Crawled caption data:

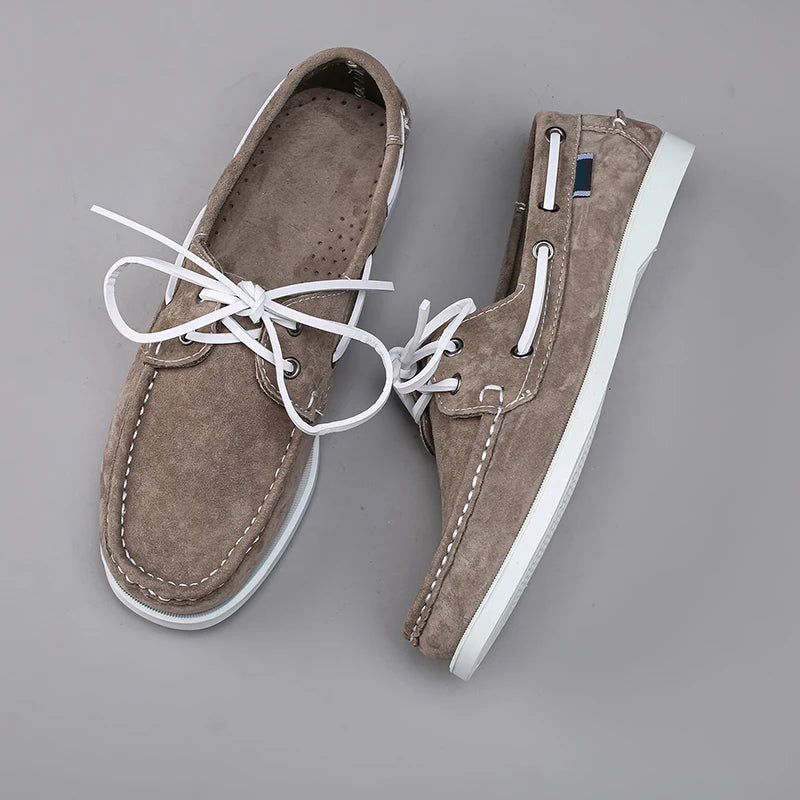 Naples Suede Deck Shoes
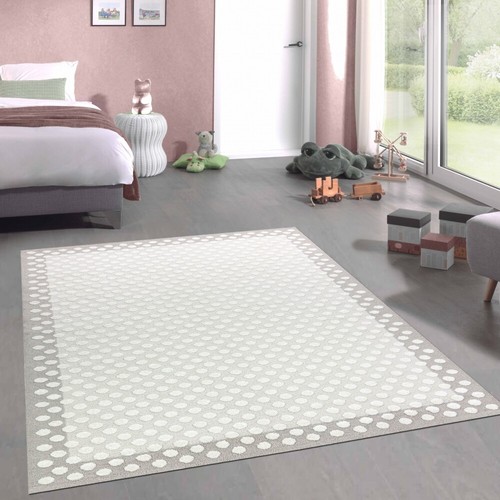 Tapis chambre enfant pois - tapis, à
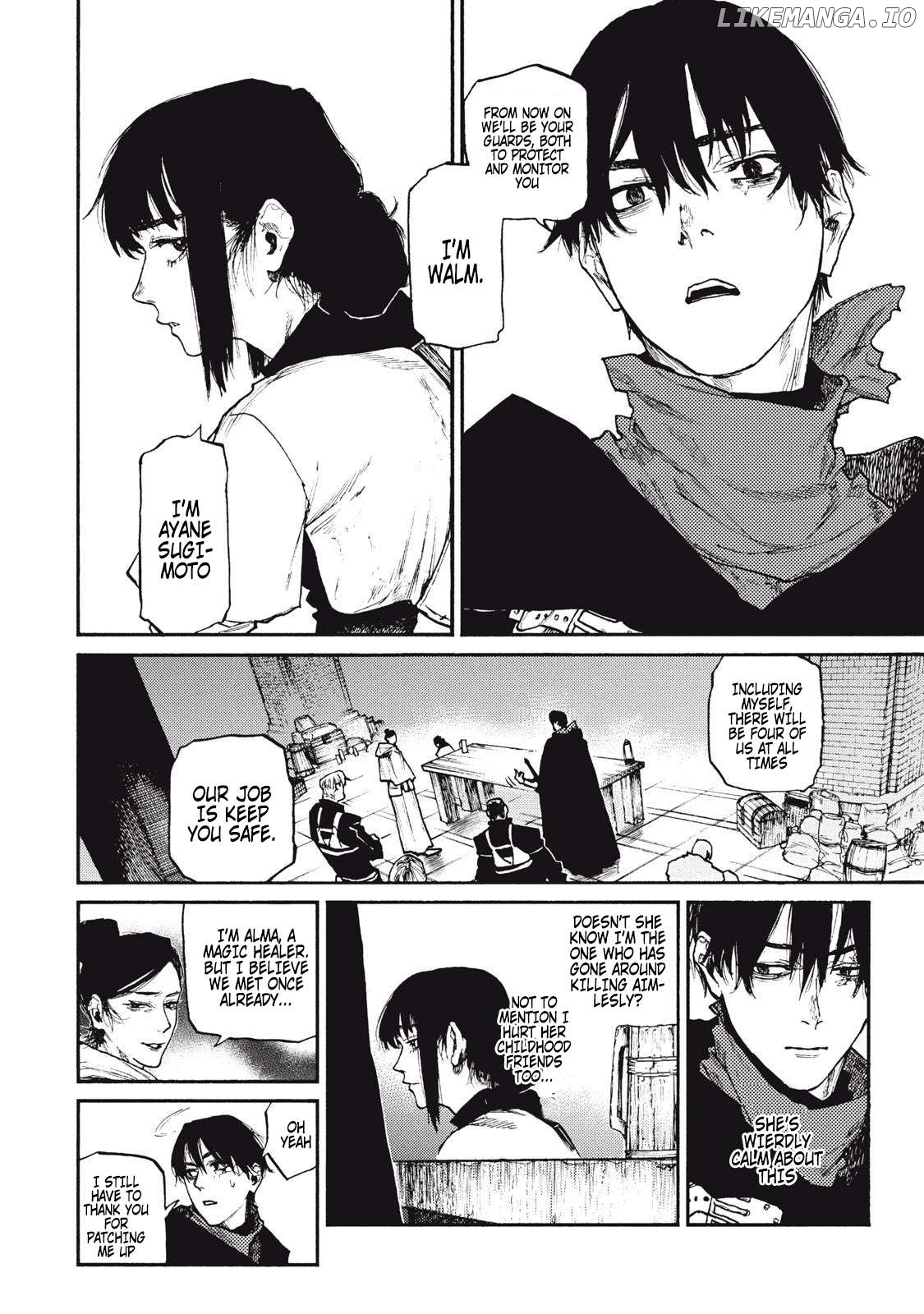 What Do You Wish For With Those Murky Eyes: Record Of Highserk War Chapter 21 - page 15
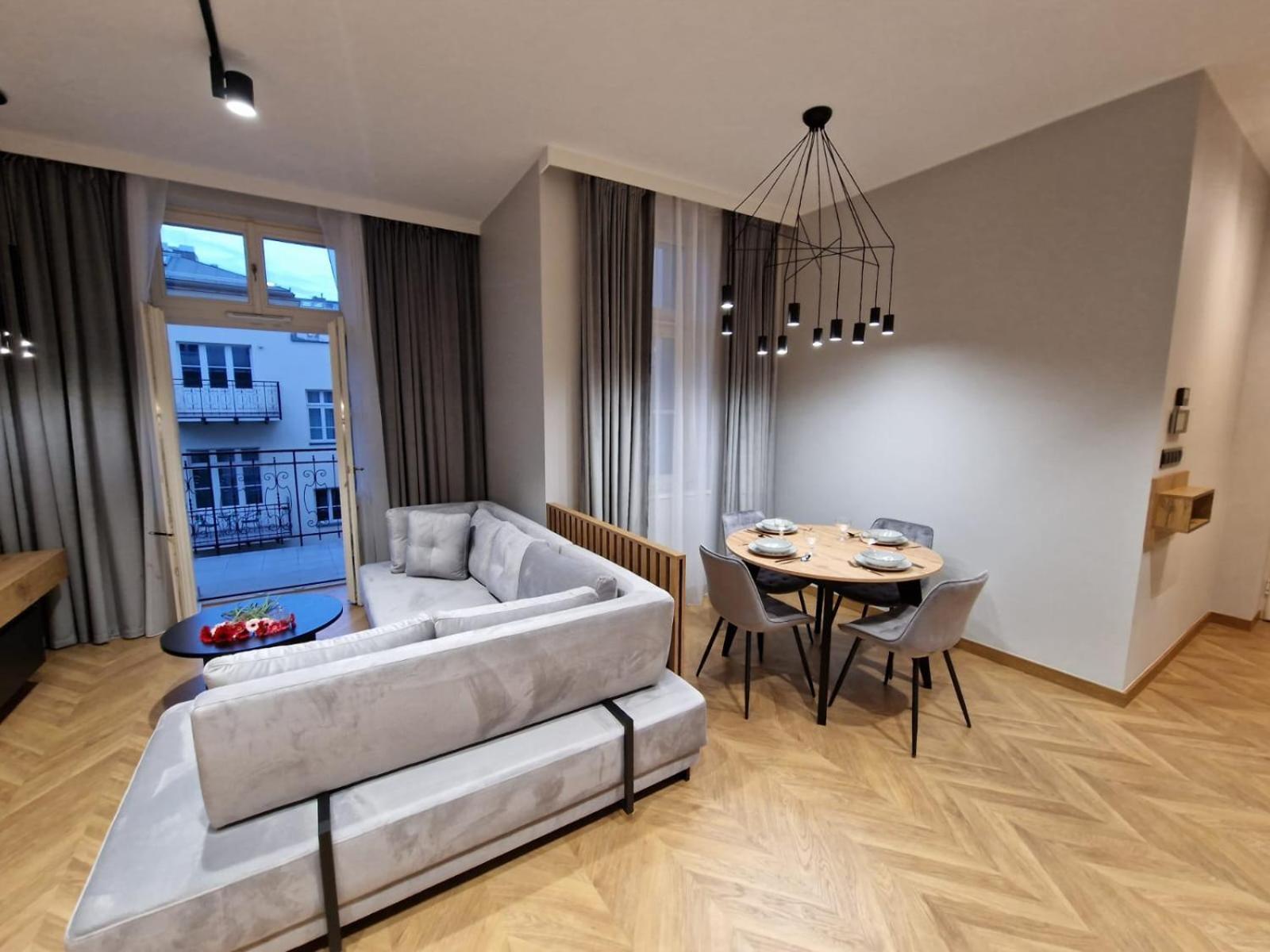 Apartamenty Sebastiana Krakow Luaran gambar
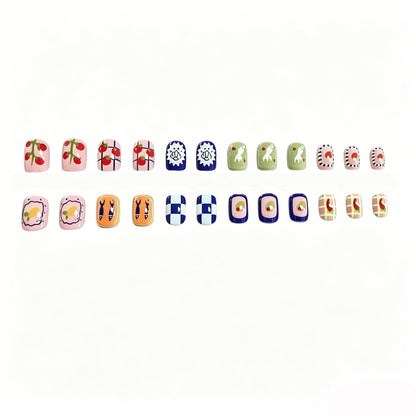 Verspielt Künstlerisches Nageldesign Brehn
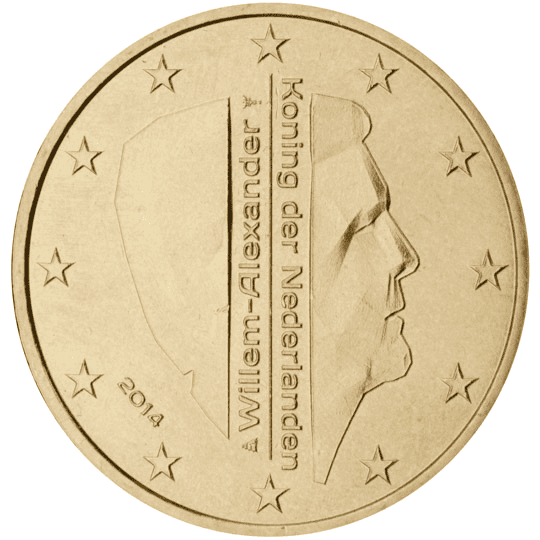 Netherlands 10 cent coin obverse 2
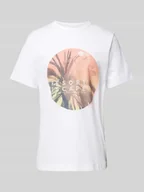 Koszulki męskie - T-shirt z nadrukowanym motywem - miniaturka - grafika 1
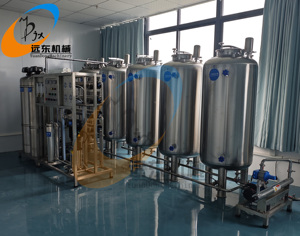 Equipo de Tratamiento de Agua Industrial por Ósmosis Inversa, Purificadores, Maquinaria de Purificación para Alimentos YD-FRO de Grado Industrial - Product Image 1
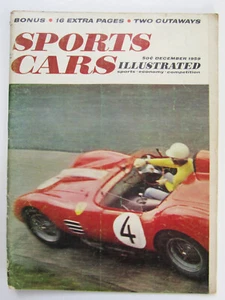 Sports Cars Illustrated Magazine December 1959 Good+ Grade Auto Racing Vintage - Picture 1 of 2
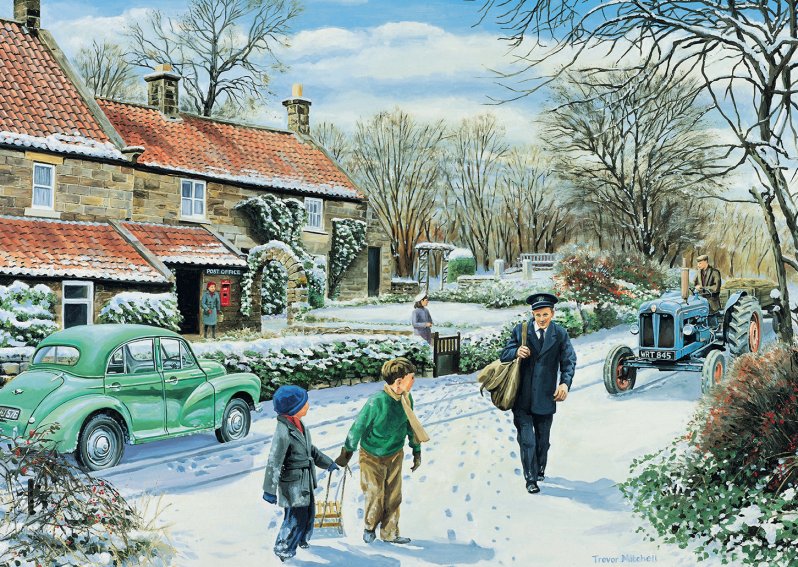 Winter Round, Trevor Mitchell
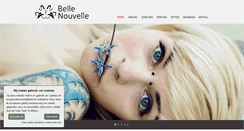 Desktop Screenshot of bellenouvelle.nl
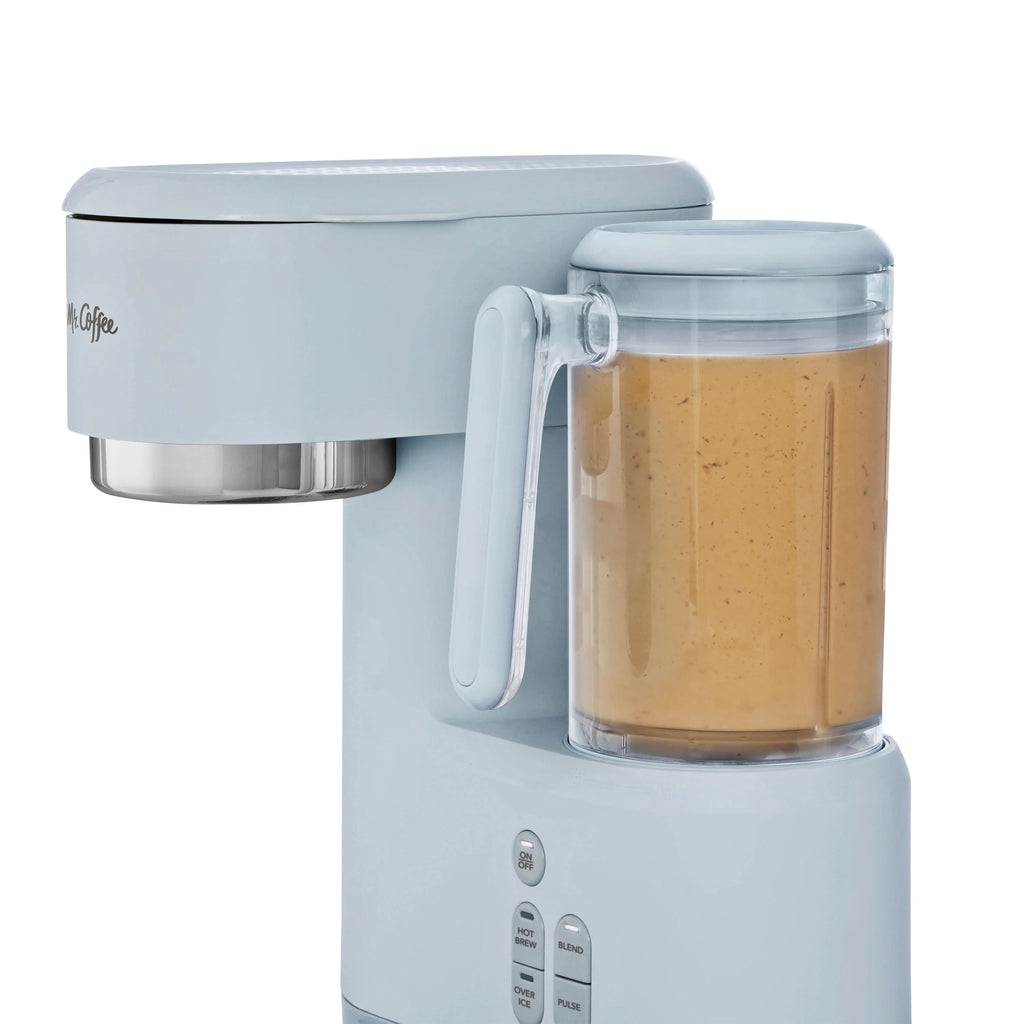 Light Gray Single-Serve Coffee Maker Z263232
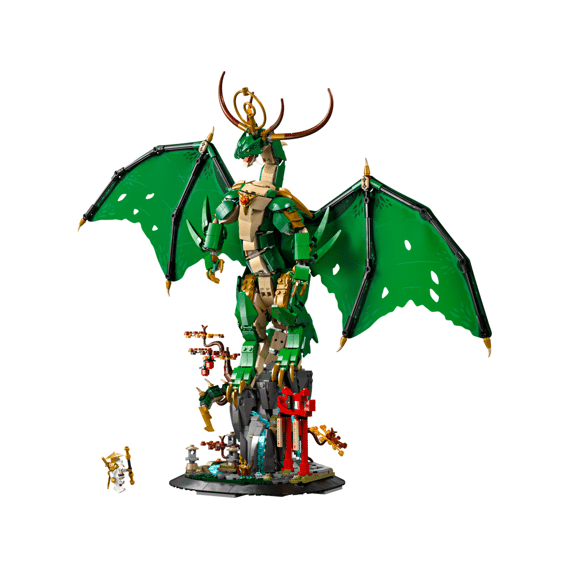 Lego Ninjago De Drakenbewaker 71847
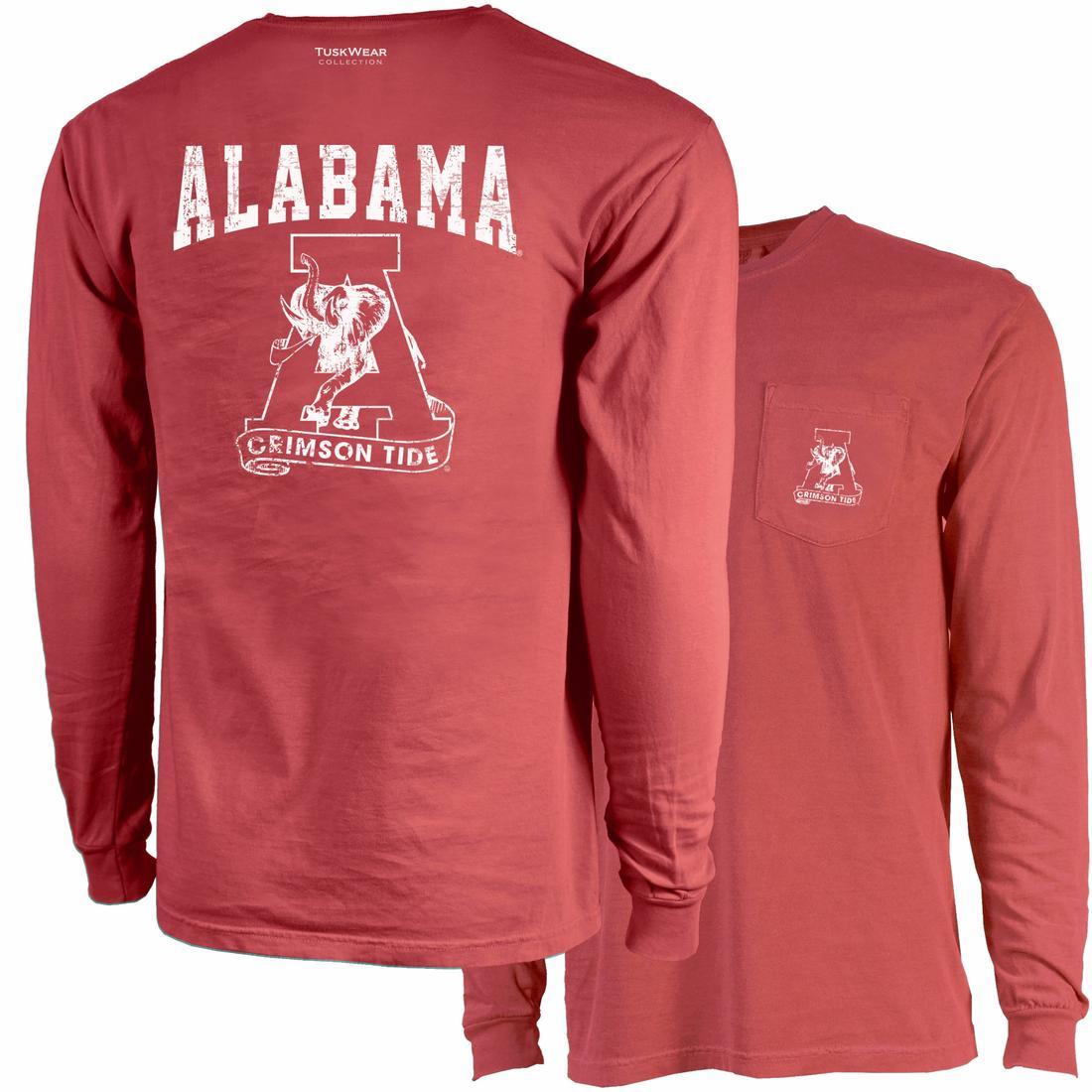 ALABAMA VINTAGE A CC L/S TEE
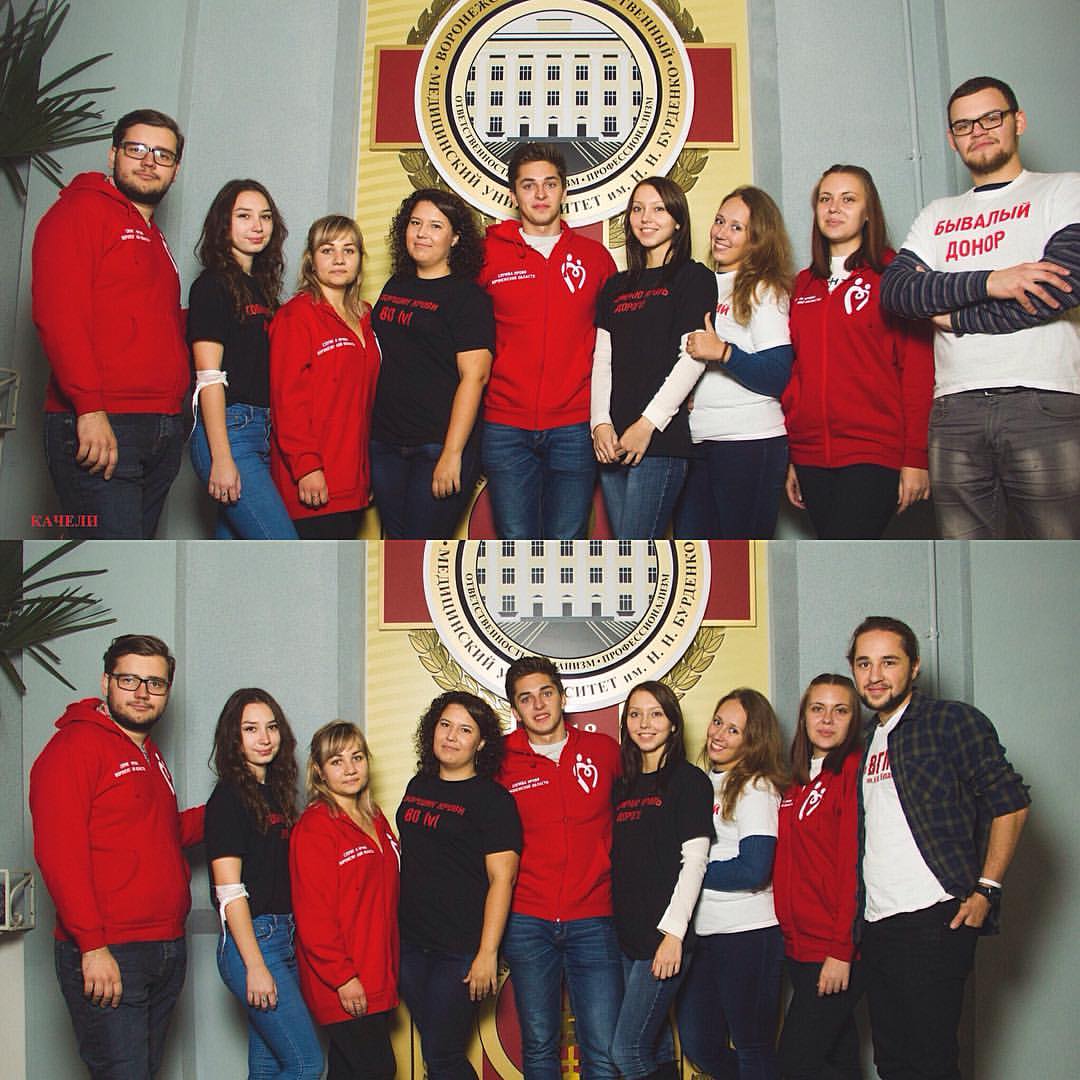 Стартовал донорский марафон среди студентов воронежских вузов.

WORK ITEM:
From the line containing "Lego Ninjago De Drakenbewaker 71847" to the end of the data above, give those lines again verbatim, with both endpoints included and no images.

EXERCISE RESULT:
 Lego Ninjago De Drakenbewaker 71847
 ALABAMA VINTAGE A CC L/S TEE
 Стартовал донорский марафон среди студентов воронежских вузов.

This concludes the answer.